Tammy Cooper testified that she was N.M.K.'s mother. Cooper stated that, on May 5, 2003, her older son J.K. awoke her at 2:00 a.m. “yelling that he had wrecked [her] car.” J.K. told her that he and N.M.K. had gone to Kent Kwik to get some water and that they were on their way back when a horse ran out in front of them. J.K. also told his mother that they had hit the horse and had damaged her car. Cooper stated that neither boy had permission to use her car and that neither boy had a driver's license. At the time of the adjudication hearing, J.K. was 15 years old, and N.M.K. was 14 years old.
Cooper testified that, when J.K. told her about the accident, N.M.K. never said a word. She stated that, from what J.K. told her, there was no indication that N.M.K. was driving her car and that she had assumed that N.M.K. was with his brother because N.M.K. had “blood all over him.”
TEX. PENAL CODE ANN. § 31.07 (Vernon 2003) provides that a person commits an offense if he “intentionally or knowingly operates another's ․ motor-propelled vehicle without the effective consent of the owner.” (Emphasis added) While the term “operates” is not defined in the Texas Penal Code, the Court of Criminal Appeals has held that the plain meaning of the word “operate” as used in Section 31.07 means that “the totality of the circumstances must demonstrate that the defendant took action to affect the functioning of his vehicle in a manner that would enable the vehicle's use.” Denton v. State, 911 S.W.2d 388, 390 (Tex.Cr.App.1995).

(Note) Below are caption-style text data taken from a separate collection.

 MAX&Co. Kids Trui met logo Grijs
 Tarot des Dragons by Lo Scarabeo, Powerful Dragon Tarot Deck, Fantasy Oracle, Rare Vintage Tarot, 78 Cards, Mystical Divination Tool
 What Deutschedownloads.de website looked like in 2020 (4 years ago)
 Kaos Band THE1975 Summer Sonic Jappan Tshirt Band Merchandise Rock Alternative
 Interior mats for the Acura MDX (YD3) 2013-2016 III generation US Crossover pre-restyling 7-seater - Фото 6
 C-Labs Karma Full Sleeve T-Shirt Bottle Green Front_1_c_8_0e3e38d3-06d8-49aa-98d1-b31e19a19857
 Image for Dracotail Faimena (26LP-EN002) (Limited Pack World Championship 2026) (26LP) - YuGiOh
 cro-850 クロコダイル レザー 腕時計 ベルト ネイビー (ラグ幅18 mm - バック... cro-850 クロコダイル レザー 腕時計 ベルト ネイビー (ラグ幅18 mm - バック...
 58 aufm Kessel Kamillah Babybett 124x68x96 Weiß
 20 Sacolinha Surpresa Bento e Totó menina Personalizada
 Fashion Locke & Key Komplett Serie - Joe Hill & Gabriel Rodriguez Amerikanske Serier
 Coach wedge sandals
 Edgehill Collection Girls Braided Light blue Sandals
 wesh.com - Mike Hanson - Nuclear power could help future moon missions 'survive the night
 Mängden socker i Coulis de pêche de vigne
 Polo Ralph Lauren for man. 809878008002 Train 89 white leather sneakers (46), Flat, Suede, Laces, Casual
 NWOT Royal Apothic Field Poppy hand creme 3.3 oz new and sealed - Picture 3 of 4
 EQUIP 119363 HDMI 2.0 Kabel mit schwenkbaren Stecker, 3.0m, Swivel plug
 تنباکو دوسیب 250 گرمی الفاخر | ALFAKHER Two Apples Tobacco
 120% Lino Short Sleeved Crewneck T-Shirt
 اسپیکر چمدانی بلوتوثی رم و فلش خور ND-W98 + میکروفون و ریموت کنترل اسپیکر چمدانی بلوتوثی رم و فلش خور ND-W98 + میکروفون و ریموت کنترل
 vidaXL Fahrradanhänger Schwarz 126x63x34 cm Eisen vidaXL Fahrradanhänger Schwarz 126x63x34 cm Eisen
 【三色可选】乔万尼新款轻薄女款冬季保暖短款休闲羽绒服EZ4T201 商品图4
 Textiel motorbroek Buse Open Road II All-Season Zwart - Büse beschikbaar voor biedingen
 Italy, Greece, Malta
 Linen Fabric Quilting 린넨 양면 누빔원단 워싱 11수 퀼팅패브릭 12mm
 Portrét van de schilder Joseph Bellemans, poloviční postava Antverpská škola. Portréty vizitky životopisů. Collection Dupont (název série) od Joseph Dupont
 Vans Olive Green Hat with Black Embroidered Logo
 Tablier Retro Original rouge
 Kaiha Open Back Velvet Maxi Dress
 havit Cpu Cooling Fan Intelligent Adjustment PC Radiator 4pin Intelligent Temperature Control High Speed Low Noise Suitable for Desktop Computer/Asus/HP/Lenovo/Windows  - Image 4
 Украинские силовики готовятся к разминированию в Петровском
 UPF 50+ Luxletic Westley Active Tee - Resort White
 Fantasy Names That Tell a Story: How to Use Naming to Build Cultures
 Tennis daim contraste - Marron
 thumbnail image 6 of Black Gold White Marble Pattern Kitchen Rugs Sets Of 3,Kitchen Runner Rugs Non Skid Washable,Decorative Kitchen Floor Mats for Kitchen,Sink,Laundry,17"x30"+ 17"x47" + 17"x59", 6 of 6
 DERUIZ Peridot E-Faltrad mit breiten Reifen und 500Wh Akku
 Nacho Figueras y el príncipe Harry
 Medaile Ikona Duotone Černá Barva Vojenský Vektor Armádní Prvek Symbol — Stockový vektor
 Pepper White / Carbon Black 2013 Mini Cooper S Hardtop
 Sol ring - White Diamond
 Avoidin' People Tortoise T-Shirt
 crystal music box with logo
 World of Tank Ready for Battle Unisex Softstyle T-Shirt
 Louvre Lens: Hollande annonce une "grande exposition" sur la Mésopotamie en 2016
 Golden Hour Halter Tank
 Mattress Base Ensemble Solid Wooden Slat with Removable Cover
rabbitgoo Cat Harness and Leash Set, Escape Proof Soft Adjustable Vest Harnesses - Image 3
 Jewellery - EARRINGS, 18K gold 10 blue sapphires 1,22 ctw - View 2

Reviewing the record in the light most favorable to the verdict, there is no evidence that N.M.K. “took action to affect the functioning” of his mother's car “in a manner that would enable the vehicle's use.” The record does indicate that N.M.K. was present when his brother hit the horse with their mother's vehicle. Because there was no evidence that he operated the vehicle, N.M.K. is correct in stating that he could only be found guilty under TEX. PENAL CODE ANN. § 7.02 (Vernon 2003) (“Parties to Offenses”). There is no evidence in the record that N.M.K. knew that J.K. was driving their mother's car without her consent or that N.M.K. acted with intent to solicit, encourage, direct, aid, or attempt to aid J.K. in committing the offense. The evidence is legally insufficient to support the finding that N.M.K. committed the offense of unauthorized use of a motor vehicle. The sole point of error is sustained.
The judgment of the trial court is reversed, and judgment is rendered that N.M.K. did not engage in delinquent conduct.